On the way back, we stopped at a few of the roadside souvenir booths. I bought a couple insulators for Presidenté. In Boca Chica, they served them by putting the entire bottle inside a piece of PVC pipe with a handle. This helped insulate the bottle and kept it from getting warm too quickly. I thought the wooden onces were pretty cool – so I bought a couple for home. One is big enough to hold a bottle of wine, the others would hold Coronas.
Back in Santo Domingo, we had dinner at an Italian restaurant called Vesuvio. I had a julienned caprese salad that also had sun dried tomatoes (to die for!) and baked chicken. With the exception of the salad, the dinner was okay all around, so we decided that we should go back to the Renaissance for coffee and desert again. But by the time we got back through the casino and to the coffee bar, it was closed! Dessert just wasn’t going to be the same without the coffee, so we decided against it.
On the way back to our hotel, we drove by the presidential palace, which just happened to be on the way.

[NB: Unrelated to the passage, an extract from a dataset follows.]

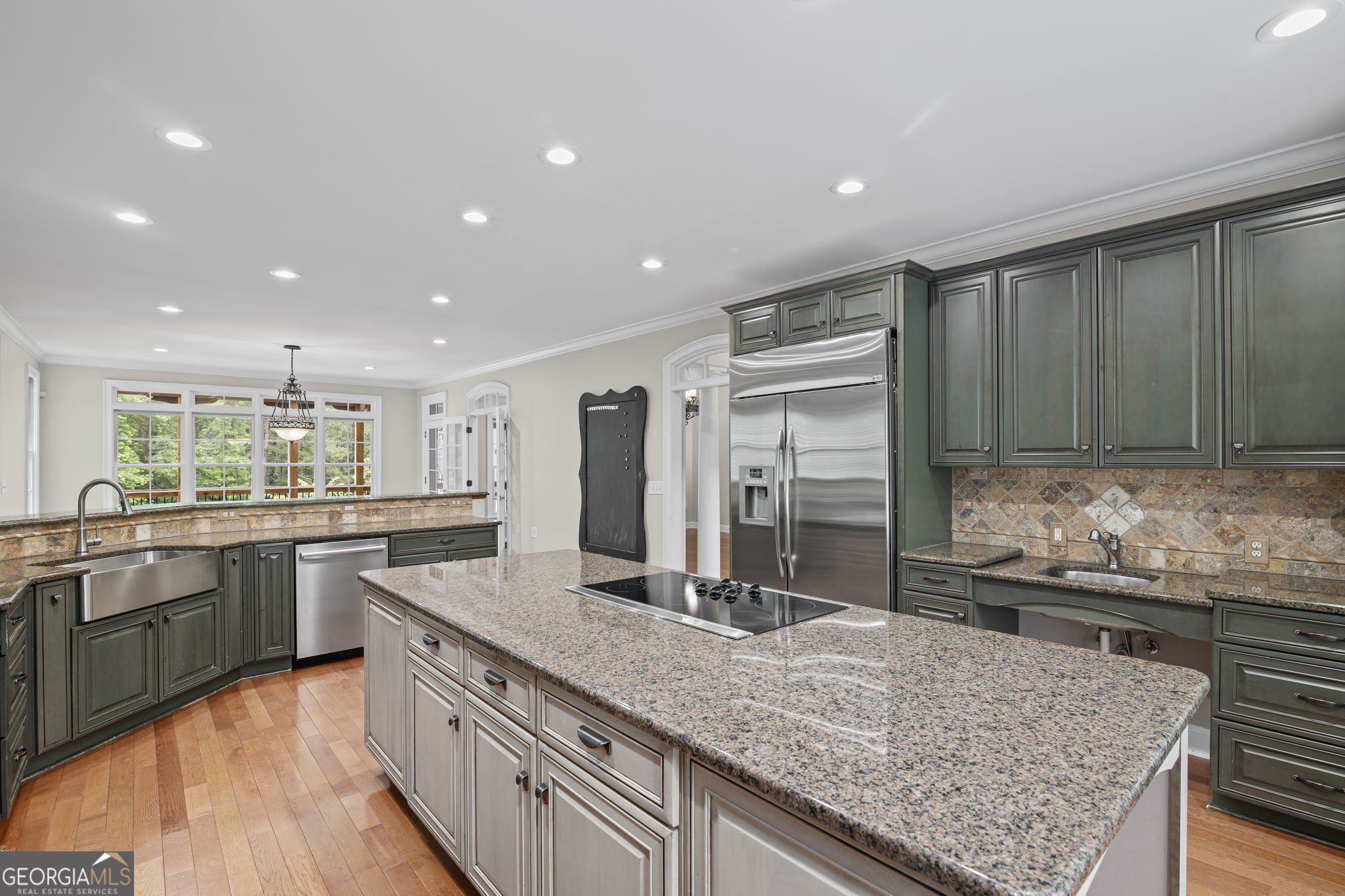 Scarlet Oaks - Residential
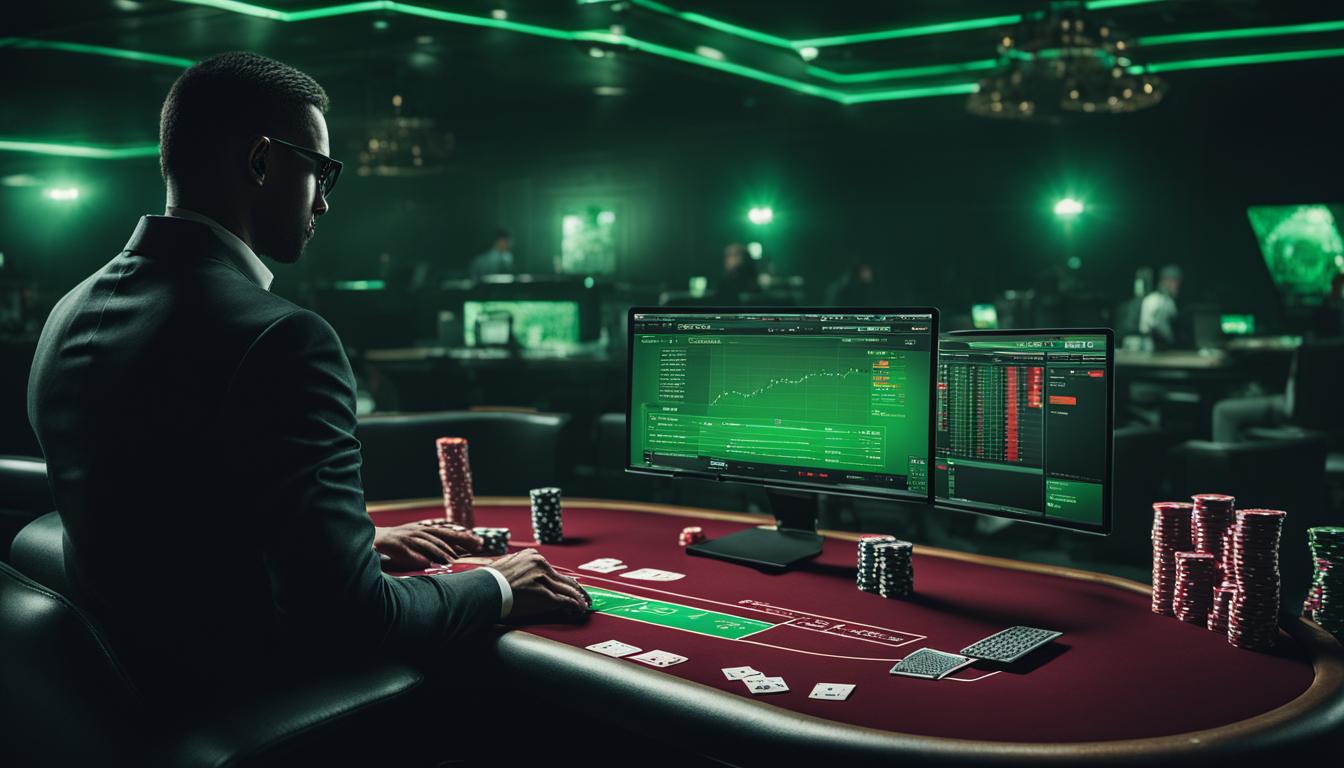 Mengelola Bankroll Poker Online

But as luck would have it, there was a security checkpoint performing random searches. It was a little disturbing to have the car suddenly surrounded by armed guards. Cesar explained that we were tourists and that we didn’t speak Spanish (thank God he was with us). We got out of the car and stood by while they searched the trunk. It was only a few minutes when we were able to get back in the car and head to our hotel.